Thursday, April 21, 2011

Configurable Web Capture in Acrobat

Today I put in a feature request for a new feature for the next dot-release of Adobe Acrobat X. What I requested is a white-list/black-list (of URLs) capability for Web Capture.

You may already know about Acrobat's incredibly useful Control-Shift-O (Open URL) functionality, which does just what you think it should: It captures a web page as a PDF document. The built-in functionality is already plenty powerful. It walks all the links in a web page and captures all linked-to pages (and their linked-to pages, etc., however many levels deep you want), creating appropriate links and Bookmarks inside the finished PDF document. And you can specify "Stay on the same server" if you want, to be sure the web-capture session doesn't inadvertently pull in content from a partner's (or competitor's) site, say.

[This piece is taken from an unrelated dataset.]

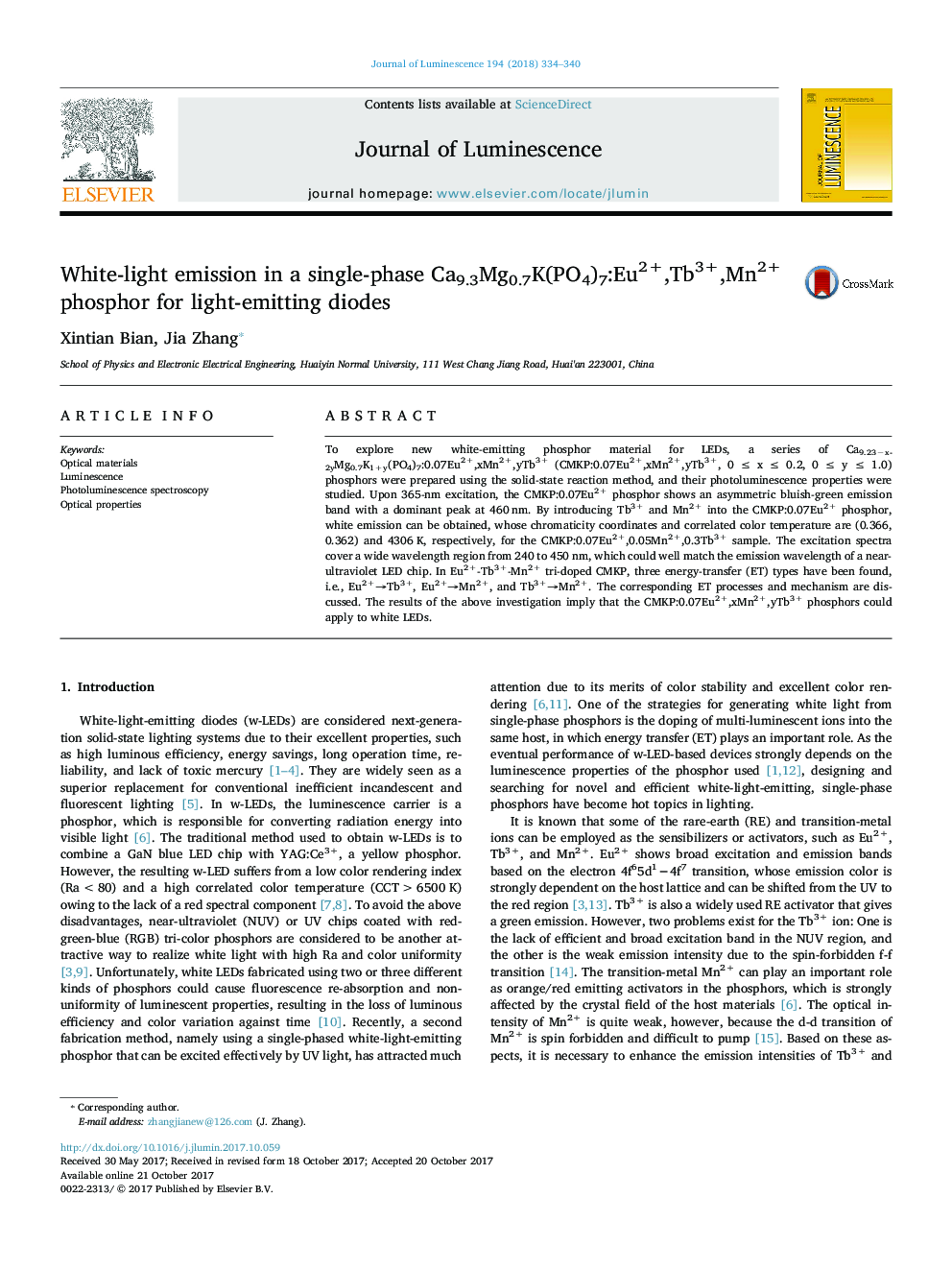 White-light emission in a single-phase Ca9.3Mg0.7K(PO4)7:Eu2+,Tb3+,Mn2+ phosphor for light-emitting diodes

Which is all pretty neat.

I ran into a situation the other day, though, where I wanted to capture all the web content from a site, but I didn't want to pull down any content from URLs containing /javadoc/. It would have been neat if Acrobat's Ctrl-Shft-O feature had an Advanced Configuration dialog in which I could have specified certain URLs which either MUST always (white list) or MUST NOT (black list) be followed in the course of a traversal. Neater still would be if you could supply white-listed or black-listed URLs as regular expressions. (Follow this pattern, don't follow that pattern.)

I don't hold out much hope that this kind of feature will make it into a dot release, but I figured I would submit it anyway. As they say, no squeaky, no greasy.